The number of photovoltaic panels has not been specified, but the construction of the array will require clear-cutting up to 22,000 trees.
This project comes on the heels of another, previously approved application for a 43,000-panel solar energy facility, also in Ashaway, that will involve the clearing of approximately 30,000 trees.
The Planning Board and Town Council held a workshop on April 23 to discuss the issue of solar energy projects that require the cutting of forests and the destruction of open space, and to consider possible amendments to the town’s solar energy ordinance. As the discussion of possible amendments to the town’s solar ordinance continues, however, council President Frank Landolfi, council Vice President Thomas Buck and Councilor Sylvia Thompson said they felt the Main Street project should go forward.

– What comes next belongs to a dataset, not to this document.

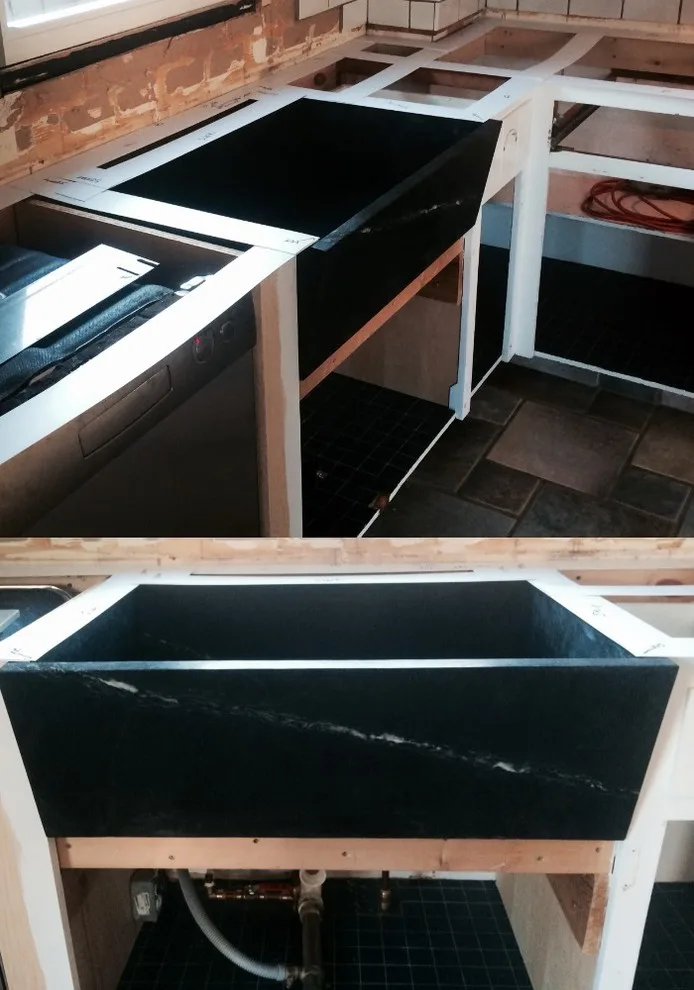 Design Frameworks by Garden State Soapstone - Photo 6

“Solar — there’s no septic system, they’re not looking for a well,” Thompson said. “They’ve done their best, all that testimony and the experts at hand, we should adopt all that.”
(The developer presented several experts who testified in favor of the project.)
Landolfi said he felt the project was a good one that would not require any town services.
“Aside from new revenue and not using any town services, to date, this is only the third solar project we have approved,” he said.
However, Capalbo and Husband argued that the project would generate little tax revenue and create no jobs.
“This parcel, if we allow the zone change, will bring no jobs, no economic development and no houses, no one to pay taxes or spend money,” Capalbo said.
Teachers and parents who want the vacant 1904 Ashaway School building demolished came prepared to persuade the Town Council that it was necessary, but the council didn’t need convincing.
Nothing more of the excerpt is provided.